2. Exploring the efficiency of difference-in-means estimators#

2.1 Interactive widget#

Next, complete the gen_experiment_results function to simulate n_experiments random experiments and compute the difference-in-means and stratified difference-in-means estimates.

Tip

The function declaration below uses the **kwargs syntax to pass additional keyword arguments to the sim_random_exp function. This is a useful way to write functions that are flexible and can take in different sets of arguments.
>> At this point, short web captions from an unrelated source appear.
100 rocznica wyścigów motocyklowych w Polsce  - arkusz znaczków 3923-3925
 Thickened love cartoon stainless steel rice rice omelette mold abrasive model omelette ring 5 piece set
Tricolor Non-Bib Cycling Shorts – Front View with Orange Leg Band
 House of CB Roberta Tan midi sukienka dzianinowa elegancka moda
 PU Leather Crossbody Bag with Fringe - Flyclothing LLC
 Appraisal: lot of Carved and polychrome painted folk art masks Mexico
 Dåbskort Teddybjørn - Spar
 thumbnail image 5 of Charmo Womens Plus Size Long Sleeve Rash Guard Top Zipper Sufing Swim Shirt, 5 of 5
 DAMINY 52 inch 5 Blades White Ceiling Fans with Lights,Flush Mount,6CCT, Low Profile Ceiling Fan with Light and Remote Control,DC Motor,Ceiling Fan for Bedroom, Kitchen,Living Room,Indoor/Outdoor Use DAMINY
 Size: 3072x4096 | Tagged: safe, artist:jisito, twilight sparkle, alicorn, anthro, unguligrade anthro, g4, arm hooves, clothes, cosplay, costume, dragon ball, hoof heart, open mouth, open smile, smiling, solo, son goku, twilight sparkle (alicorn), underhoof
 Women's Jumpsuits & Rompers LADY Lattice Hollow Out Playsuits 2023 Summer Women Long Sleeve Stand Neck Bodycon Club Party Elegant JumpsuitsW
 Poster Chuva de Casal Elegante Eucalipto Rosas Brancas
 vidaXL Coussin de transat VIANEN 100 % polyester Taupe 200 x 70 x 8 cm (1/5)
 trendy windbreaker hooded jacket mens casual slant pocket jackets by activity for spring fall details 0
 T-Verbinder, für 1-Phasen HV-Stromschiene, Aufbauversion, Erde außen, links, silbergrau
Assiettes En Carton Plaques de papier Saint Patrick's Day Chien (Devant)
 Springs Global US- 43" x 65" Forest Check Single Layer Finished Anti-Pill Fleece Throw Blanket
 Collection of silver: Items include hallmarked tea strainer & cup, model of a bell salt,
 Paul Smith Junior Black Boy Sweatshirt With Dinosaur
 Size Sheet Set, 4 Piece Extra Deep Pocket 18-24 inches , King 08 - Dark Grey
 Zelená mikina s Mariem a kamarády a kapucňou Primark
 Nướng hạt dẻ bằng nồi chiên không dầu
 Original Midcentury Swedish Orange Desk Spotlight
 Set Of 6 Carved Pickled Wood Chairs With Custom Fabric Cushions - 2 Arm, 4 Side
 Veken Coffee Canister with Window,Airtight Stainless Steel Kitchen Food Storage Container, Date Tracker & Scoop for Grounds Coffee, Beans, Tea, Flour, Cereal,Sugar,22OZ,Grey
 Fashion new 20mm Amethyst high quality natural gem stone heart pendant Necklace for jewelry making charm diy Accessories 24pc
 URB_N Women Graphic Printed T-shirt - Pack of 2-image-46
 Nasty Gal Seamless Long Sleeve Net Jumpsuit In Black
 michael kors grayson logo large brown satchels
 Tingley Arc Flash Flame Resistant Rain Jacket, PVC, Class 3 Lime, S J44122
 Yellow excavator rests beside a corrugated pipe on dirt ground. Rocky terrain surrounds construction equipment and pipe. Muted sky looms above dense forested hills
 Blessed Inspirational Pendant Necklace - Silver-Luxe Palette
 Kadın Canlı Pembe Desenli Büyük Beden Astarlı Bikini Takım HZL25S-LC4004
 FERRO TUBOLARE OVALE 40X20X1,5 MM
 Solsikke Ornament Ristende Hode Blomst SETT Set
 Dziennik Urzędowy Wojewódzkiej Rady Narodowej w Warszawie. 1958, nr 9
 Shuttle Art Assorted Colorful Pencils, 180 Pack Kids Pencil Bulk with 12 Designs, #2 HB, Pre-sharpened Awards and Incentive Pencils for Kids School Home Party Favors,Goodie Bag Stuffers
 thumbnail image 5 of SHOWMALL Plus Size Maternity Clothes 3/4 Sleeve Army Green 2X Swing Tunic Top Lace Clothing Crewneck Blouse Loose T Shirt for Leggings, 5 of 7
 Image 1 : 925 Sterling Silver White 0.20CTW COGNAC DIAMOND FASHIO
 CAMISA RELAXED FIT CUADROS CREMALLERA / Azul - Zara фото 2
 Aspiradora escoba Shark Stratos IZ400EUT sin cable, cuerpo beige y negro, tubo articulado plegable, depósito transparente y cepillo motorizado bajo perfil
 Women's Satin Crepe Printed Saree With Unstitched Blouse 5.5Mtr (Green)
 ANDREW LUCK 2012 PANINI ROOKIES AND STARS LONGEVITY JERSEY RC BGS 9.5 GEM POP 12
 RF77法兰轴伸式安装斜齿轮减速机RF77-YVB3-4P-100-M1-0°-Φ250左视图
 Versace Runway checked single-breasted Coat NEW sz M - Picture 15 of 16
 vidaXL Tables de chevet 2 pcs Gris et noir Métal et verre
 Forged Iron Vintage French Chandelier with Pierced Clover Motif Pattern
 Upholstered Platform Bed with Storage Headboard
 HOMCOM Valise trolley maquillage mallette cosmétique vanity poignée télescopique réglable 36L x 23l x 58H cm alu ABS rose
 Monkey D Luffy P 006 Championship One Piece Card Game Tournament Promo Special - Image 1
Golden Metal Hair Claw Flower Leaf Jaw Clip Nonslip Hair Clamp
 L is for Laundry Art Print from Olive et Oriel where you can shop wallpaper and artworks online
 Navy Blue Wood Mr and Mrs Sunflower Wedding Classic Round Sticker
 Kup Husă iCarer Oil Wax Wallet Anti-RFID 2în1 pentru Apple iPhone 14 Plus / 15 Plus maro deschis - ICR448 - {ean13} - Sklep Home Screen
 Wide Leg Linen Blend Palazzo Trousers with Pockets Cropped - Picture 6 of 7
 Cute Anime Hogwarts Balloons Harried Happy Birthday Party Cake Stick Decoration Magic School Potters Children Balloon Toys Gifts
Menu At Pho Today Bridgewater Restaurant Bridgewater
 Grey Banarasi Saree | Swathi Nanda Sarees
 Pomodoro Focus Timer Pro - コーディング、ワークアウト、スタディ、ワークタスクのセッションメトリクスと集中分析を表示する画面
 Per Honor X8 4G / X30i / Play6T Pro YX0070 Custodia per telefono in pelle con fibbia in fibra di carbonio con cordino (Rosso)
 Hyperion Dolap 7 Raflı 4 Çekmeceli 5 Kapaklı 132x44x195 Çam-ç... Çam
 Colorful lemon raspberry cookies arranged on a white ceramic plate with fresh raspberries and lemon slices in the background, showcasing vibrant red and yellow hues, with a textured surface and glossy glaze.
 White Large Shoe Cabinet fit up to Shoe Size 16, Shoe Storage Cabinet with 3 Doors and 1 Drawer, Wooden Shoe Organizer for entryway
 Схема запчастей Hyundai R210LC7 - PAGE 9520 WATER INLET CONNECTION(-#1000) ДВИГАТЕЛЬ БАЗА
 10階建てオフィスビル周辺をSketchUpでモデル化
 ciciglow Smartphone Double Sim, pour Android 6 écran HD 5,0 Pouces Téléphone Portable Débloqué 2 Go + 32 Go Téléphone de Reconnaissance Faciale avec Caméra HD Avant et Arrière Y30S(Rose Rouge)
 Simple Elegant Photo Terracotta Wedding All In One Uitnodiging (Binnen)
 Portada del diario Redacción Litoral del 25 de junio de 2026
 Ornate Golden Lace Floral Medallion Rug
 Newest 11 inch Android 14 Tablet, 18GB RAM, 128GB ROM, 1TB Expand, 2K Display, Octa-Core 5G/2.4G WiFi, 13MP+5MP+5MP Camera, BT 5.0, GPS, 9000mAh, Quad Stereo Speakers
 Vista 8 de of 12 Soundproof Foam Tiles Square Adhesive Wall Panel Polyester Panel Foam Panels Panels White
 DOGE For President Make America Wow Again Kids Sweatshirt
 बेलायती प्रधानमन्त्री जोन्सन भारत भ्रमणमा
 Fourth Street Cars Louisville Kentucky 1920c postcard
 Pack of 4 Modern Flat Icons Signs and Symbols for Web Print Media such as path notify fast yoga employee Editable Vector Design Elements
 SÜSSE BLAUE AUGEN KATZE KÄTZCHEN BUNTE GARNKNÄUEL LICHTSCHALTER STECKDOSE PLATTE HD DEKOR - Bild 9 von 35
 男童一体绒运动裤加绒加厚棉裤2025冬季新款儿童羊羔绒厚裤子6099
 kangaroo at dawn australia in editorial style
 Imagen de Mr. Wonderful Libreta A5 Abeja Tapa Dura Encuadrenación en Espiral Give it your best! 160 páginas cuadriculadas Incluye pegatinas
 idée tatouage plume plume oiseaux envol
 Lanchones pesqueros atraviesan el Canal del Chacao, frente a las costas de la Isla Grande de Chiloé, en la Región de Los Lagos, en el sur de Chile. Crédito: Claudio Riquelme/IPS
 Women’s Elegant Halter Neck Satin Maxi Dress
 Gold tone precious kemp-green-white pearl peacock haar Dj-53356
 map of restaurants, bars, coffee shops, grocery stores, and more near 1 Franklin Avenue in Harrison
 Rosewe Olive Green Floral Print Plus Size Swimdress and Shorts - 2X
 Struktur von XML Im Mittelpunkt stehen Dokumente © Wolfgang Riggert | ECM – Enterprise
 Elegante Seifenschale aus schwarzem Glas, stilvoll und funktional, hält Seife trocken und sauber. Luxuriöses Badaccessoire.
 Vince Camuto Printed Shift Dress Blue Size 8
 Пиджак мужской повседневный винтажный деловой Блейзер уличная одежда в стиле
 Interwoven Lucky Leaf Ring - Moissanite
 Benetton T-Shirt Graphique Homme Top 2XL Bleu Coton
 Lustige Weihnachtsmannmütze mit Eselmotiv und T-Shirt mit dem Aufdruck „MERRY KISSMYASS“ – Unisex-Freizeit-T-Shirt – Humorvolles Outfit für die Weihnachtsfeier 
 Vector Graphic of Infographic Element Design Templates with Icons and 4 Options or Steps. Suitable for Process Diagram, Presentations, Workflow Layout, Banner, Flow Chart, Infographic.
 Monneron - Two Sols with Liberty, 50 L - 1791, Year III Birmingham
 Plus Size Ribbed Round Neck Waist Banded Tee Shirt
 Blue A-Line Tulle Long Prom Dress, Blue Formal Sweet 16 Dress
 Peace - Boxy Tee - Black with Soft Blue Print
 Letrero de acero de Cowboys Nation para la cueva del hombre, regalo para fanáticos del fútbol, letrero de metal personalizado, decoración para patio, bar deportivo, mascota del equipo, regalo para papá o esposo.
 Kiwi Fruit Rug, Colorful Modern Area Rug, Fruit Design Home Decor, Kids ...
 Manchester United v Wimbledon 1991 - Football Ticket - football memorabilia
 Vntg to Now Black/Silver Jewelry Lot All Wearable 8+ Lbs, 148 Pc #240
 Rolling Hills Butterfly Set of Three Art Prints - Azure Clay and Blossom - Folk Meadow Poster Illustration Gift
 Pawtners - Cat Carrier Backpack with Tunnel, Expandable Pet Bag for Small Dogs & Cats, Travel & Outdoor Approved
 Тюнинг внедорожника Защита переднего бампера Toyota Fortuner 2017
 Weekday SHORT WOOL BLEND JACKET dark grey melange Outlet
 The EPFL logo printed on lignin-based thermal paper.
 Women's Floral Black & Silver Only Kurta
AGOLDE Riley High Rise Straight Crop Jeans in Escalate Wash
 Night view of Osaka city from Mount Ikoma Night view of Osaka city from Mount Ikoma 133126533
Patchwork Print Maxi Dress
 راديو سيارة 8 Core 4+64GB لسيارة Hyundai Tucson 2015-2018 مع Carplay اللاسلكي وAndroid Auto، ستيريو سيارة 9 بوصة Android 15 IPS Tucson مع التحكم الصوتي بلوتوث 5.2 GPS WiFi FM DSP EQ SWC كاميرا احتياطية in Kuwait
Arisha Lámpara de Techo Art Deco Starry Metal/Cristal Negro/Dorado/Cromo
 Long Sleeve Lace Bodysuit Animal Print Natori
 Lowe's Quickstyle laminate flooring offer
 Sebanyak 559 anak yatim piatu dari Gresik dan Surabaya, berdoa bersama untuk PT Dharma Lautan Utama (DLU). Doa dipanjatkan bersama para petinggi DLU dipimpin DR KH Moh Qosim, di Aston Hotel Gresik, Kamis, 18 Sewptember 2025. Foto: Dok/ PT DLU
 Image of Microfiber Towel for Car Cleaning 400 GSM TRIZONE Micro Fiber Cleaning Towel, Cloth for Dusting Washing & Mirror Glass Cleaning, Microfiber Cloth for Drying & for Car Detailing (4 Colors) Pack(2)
For more information on the **kwargs syntax, see this tutorial.

def gen_experiment_results(n_experiments=10000, **kwargs):
    """
    Simulates n_experiments random experiments and computes the difference-in-means
    and stratified difference-in-means estimators.

    Args:
        n_experiments (int): the number of experiments to simulate
        **kwargs: additional keyword arguments to pass directly `sim_random_exp`

    Returns:
        pd.DataFrame: a dataframe with the results of the experiments in each row
        
        The dataframe should have two columns:
        - diff_in_means: the difference in means estimator
        - diff_in_means_stratified: the stratified difference in means estimator
    """
    experiment_results = {
        "diff_in_means": [],
        "diff_in_means_stratified": []
    }

    for i in range(n_experiments):
        # Passes **kwargs through to sim_random_exp to return Y, T, X
        Y, T, X = sim_random_exp(**kwargs)

        # TODO populate the experiment_results dictionary

    # Converts dictionary to dataframe with keys as column names
    exp_df = pd.DataFrame(experiment_results)

    return exp_df

#### test gen_experiment_results ####
if __name__ == "__main__":
    exp_results = gen_experiment_results(n_experiments=200, treatment_effect=2, covariate_effect=0)

    assert exp_results.shape[0] == 200, "Incorrect number of experiments"
    assert "diff_in_means" in exp_results.columns, "diff_in_means column is missing"
    # feel free to add more tests

Using the gen_experiment_results function, create a manual interactive widget that plots the both the stratified and unstratified difference-in-means for a range of covariate effects. Specifically, you should:

Add a interact_manual decorator to the plot_experiment_simulations function
Create a slider for the \(X\) variable effect that can take values between 0 and 6
Fix the number of experiments to 10000, see the tutorial reference on ipywidgets from Worksheet 3
Call the gen_experiment_results function with the given number of experiments and covariate effect
Plot a histogram of the difference-in-means, unstratified and stratified for a given covariate effect: this should be a single plot with two histograms on top of each other, which can be achieved using sns.histplot
Additionally, plot the true difference in means as a vertical line on the same figure, which can be achieved using plt.axvline. The default treatment effect is 1.0

Note

Remember to follow good figure design practices by adding a legend, title, and axis labels.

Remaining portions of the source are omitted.